Thanks 😃 You don't need to hurry too much to test these changes. After all, it has taken me about a quarter year longer than planned to get here. After I prioritized other things over this for more than a year already. A few days or weeks won't matter too much, I guess 😅

Any specific reason why the misc_mpl_mods argument will be removed? They seem quite "fixed" changes to mpl, in the sense that they shouldn't need to be maintained or modified over time. If (and only if) that is the case, then maybe a good idea would be to keep that functionality, maybe by moving it in a separate function like .enable_misc_mpl_mods()?
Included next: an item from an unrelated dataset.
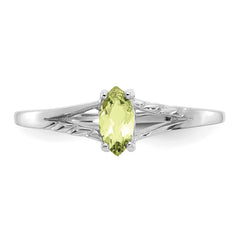 10k White Gold Polished Genuine Peridot Birthstone Ring
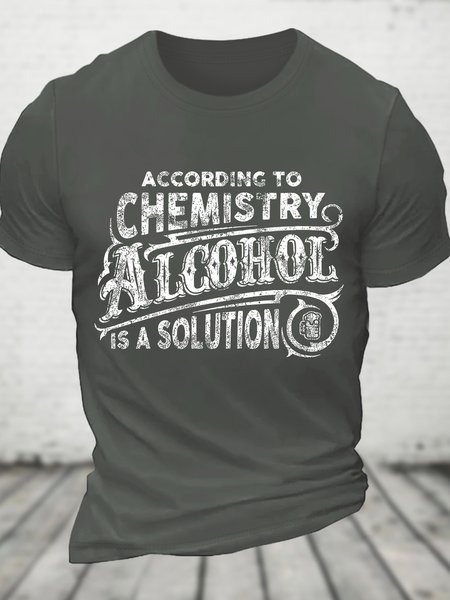 

Alcohol Is A Solution Cotton T-shirt, Deep gray, T-shirts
You have read the code for misc_mpl_mods? There are a bunch of things that I don't like about it.
First, it's neither really self explaining nor is it commented. I actually don't know what it really does. Second, it patches a bunch of functions from Matplotlib's public API and replaces them with customized versions. Third, it does all this to various functions, doing various things, which makes it very difficult to document properly.
In its current state, no one really knows what changes/happens, and that's not really great for the users. It's just a function that is called in some examples, and it happens to make some changes to the plot that are apparently desired in the example. But it's unclear what these changes are. I don't think that FastF1 should modify the behaviour of other libraries in such a drastic and unpredictable manner. Especially not, when users could just make these changes themselves explicitly.

On a side note (and very low priority), a tricky question comes to mind about 'Official' team colors. From the documentation:

Colors are constant over the course of a season.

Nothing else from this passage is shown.